(What the task requires):
Please copy out the entries until you have copied the line that contains "hoặc thất nghiệp", beginning with the first line.

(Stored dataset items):
··········

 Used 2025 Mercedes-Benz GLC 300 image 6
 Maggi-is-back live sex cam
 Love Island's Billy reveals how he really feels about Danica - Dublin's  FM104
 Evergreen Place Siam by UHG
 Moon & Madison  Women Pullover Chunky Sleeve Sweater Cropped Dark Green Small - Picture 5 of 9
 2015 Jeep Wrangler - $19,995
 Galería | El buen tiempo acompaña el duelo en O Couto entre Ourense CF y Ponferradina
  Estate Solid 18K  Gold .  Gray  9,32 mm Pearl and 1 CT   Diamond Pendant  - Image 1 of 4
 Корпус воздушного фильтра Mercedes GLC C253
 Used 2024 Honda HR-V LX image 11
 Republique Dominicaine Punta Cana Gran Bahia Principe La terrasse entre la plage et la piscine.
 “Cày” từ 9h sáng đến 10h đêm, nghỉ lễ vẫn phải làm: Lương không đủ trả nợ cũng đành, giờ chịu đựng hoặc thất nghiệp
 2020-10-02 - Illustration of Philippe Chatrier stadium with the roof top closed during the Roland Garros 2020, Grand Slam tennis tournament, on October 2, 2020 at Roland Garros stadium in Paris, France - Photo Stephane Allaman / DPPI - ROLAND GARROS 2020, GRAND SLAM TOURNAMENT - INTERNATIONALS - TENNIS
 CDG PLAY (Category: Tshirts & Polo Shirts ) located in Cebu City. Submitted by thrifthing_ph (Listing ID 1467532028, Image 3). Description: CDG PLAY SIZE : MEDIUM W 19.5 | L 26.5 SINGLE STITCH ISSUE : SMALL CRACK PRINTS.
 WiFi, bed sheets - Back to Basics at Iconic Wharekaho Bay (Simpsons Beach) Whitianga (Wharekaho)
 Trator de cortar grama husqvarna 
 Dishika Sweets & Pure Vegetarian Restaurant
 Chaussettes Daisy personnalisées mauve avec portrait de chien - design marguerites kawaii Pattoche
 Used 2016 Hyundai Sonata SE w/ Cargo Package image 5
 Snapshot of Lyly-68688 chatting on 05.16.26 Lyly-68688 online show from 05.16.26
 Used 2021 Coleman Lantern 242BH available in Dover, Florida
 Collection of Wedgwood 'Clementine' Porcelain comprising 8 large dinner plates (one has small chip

··········

(Exercise result):
 Used 2025 Mercedes-Benz GLC 300 image 6
 Maggi-is-back live sex cam
 Love Island's Billy reveals how he really feels about Danica - Dublin's  FM104
 Evergreen Place Siam by UHG
 Moon & Madison  Women Pullover Chunky Sleeve Sweater Cropped Dark Green Small - Picture 5 of 9
 2015 Jeep Wrangler - $19,995
 Galería | El buen tiempo acompaña el duelo en O Couto entre Ourense CF y Ponferradina
  Estate Solid 18K  Gold .  Gray  9,32 mm Pearl and 1 CT   Diamond Pendant  - Image 1 of 4
 Корпус воздушного фильтра Mercedes GLC C253
 Used 2024 Honda HR-V LX image 11
 Republique Dominicaine Punta Cana Gran Bahia Principe La terrasse entre la plage et la piscine.
 “Cày” từ 9h sáng đến 10h đêm, nghỉ lễ vẫn phải làm: Lương không đủ trả nợ cũng đành, giờ chịu đựng hoặc thất nghiệp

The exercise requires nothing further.